第四段階、手元にスタイルの似た画像が複数あるなら、それらすべてを逆引きにかけて共通項を取る――3枚すべてに繰り返し出てくる単語は、そのスタイルの本当に重要な構成要素である可能性が高い。一度しか出てこない単語は、大半が画像認識モデルの勝手な補完なので、削っても惜しくない。
実際に起きた失敗例
以前、あるサイバーパンク風のイラストを逆引きにかけたとき、ツールは自信満々に「サイバーパンク、ネオン」という言葉を出してきた。それをそのまま使ってみたところ、出来上がった画像はひどく野暮ったく、元の画像とはまったく違う雰囲気になってしまった。
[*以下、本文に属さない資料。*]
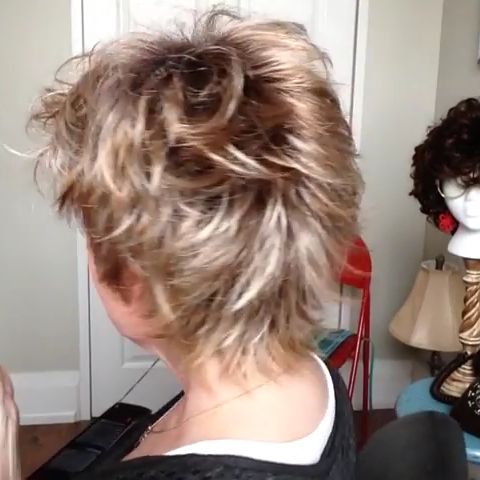 Foreign Gas Champagne Gold Short Wig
後になって分かったのは、問題は単語自体にあるのではなく、元の画像が持っていた寒色系の高コントラストな質感を、ツールがまったく触れていなかったということだった。ツールはキーワードを報告することにばかり気を取られ、構図と色調という、本当に雰囲気を決定づける二つの要素を丸ごと見落としていたのだ。逆引きが与えてくれるのは骨格であって、肉付けは自分で見つけるしかない。
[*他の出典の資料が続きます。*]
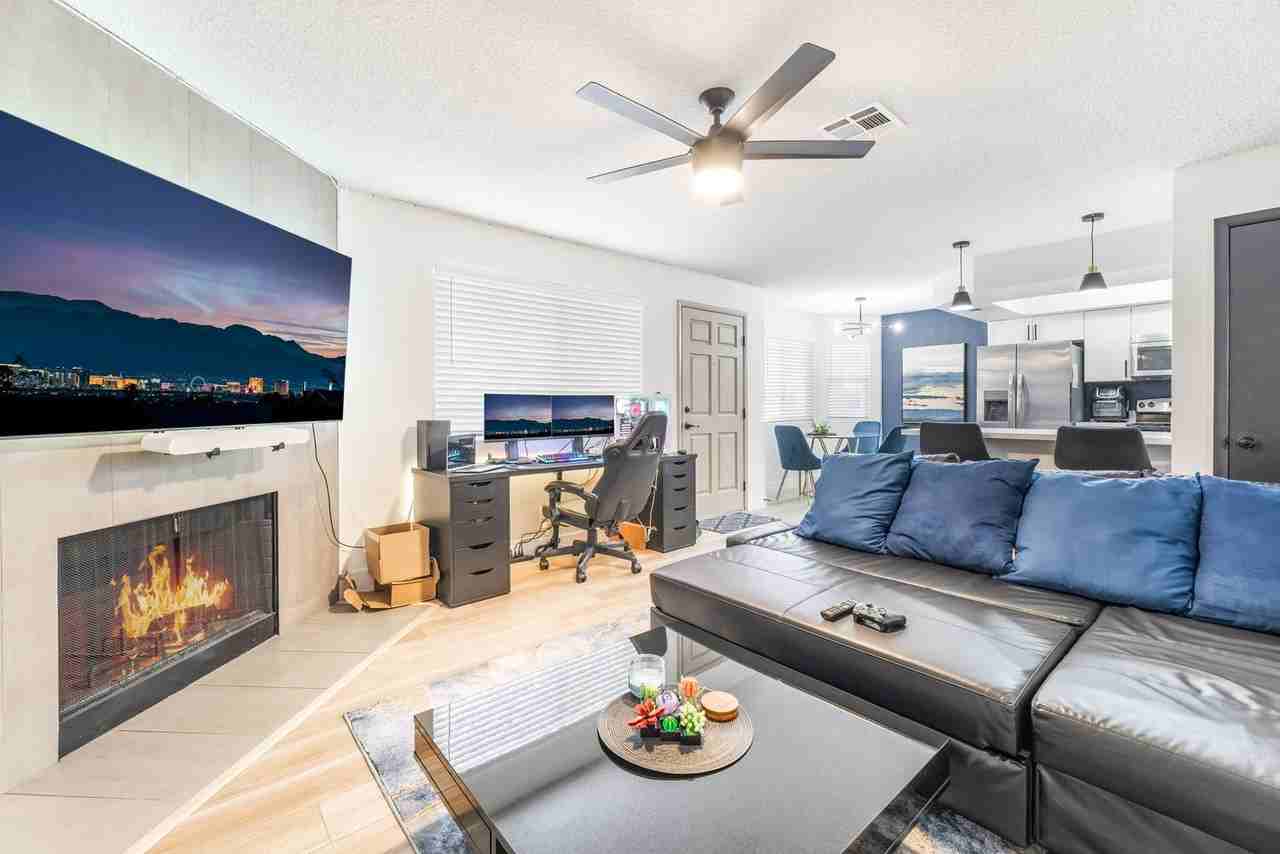 924 Falconhead Ln #101 - Photo 3 of 20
これが、逆引きの結果を単純にコピー&ペーストしてもなかなか効果が出ない理由でもある――写し取っているのは他人の画像認識モデルの口から語られた要約であって、元の作者本人の言葉ではない。その間で失われる情報は、いつも人力で補い直す必要がある。
逆引きが一番効果を発揮するとき
逆引きは1対1で複製するためのものではなく、発想の行き詰まりを打破するために使うものだ。手元にアイデアがないとき、構図や配色がとても好みの画像を見かけたら、逆引きにかけていくつかのキーワードを取り出し、それを呼び水にして残りは自分で発想する。この使い方のときに逆引きツールの効率が一番高くなる。特定のスタイルの描き方を本気で学びたい場合、たとえばスタイル変換のような要求では、同じスタイルの複数画像を逆引きにかけて共通項を取るほうが、一枚だけにこだわるよりずっと信頼できる。
逆引きプロンプトは結局のところ補助ツールであって、課題を丸写しするための魔法の道具ではない。ツールが担うのは画像を単語に翻訳することで、その単語を「なぜこの画像が魅力的なのか」に翻訳し直すのは自分の役割だ。この工程は誰にも、ツール自身にも代わってもらえない。